### Dataset content
[Start of section]
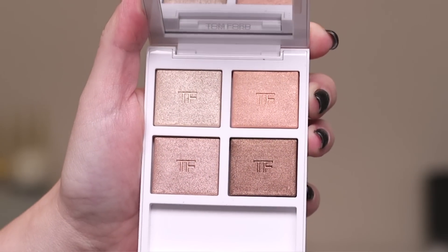I'll leave a link down below to the other two dedicated videos I did for the other two quads that are part of this collection, and also I did a collection overview video — I'll leave a link in my description box as well if you're interested. In this video I'm going to give you some swatches of this quad wet and dry, and I will also be doing a demo of this eye look.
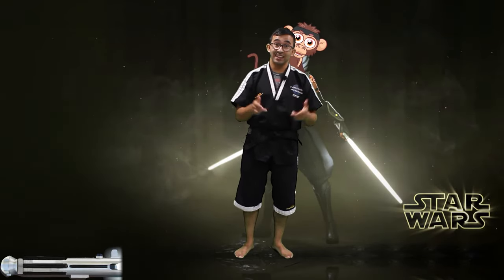Hi everybody, I'm Astro Kelly. Welcome to the Ahsoka Martial Art Lessons today.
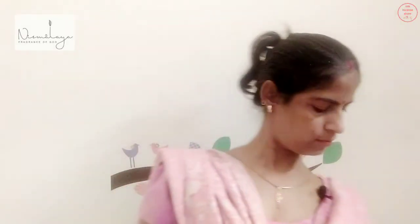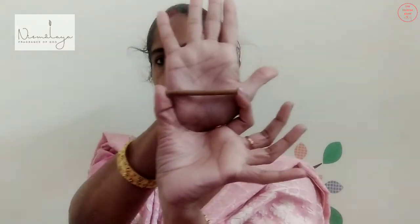This is how the pack opens. You have a dhoop holder — a normal simple ceramic dhoop holder. The incense is in a clear, unbranded pouch. You get the fragrance of jasmine from the pack itself. The dhoop stick is almost as big as the width of my palm — as big as my index finger — and it's normal thickness, a bamboo-less stick for people who don't want to use bamboo. So this is one of the options and the fragrance is really nice.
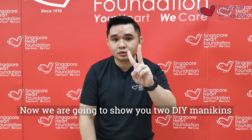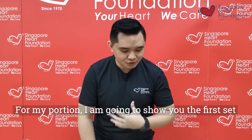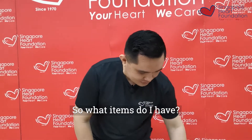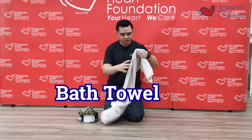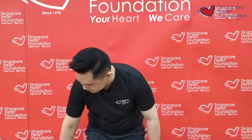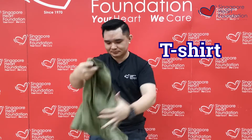Now we're going to show you two DIY mannequins using household items. For my portion, I'm going to show you the first set. The items you need are: first, a towel; second, a T-shirt; and third, a toilet roll.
[End of section]
### Exercise goal
The line with "Hi everybody, I'm" and each line after it, through the final line of the data, are to be duplicated exactly, with pictures left out and nothing more included.

### Solution for this task
Hi everybody, I'm Astro Kelly. Welcome to the Ahsoka Martial Art Lessons today.
This is how the pack opens. You have a dhoop holder — a normal simple ceramic dhoop holder. The incense is in a clear, unbranded pouch. You get the fragrance of jasmine from the pack itself. The dhoop stick is almost as big as the width of my palm — as big as my index finger — and it's normal thickness, a bamboo-less stick for people who don't want to use bamboo. So this is one of the options and the fragrance is really nice.
Now we're going to show you two DIY mannequins using household items. For my portion, I'm going to show you the first set. The items you need are: first, a towel; second, a T-shirt; and third, a toilet roll.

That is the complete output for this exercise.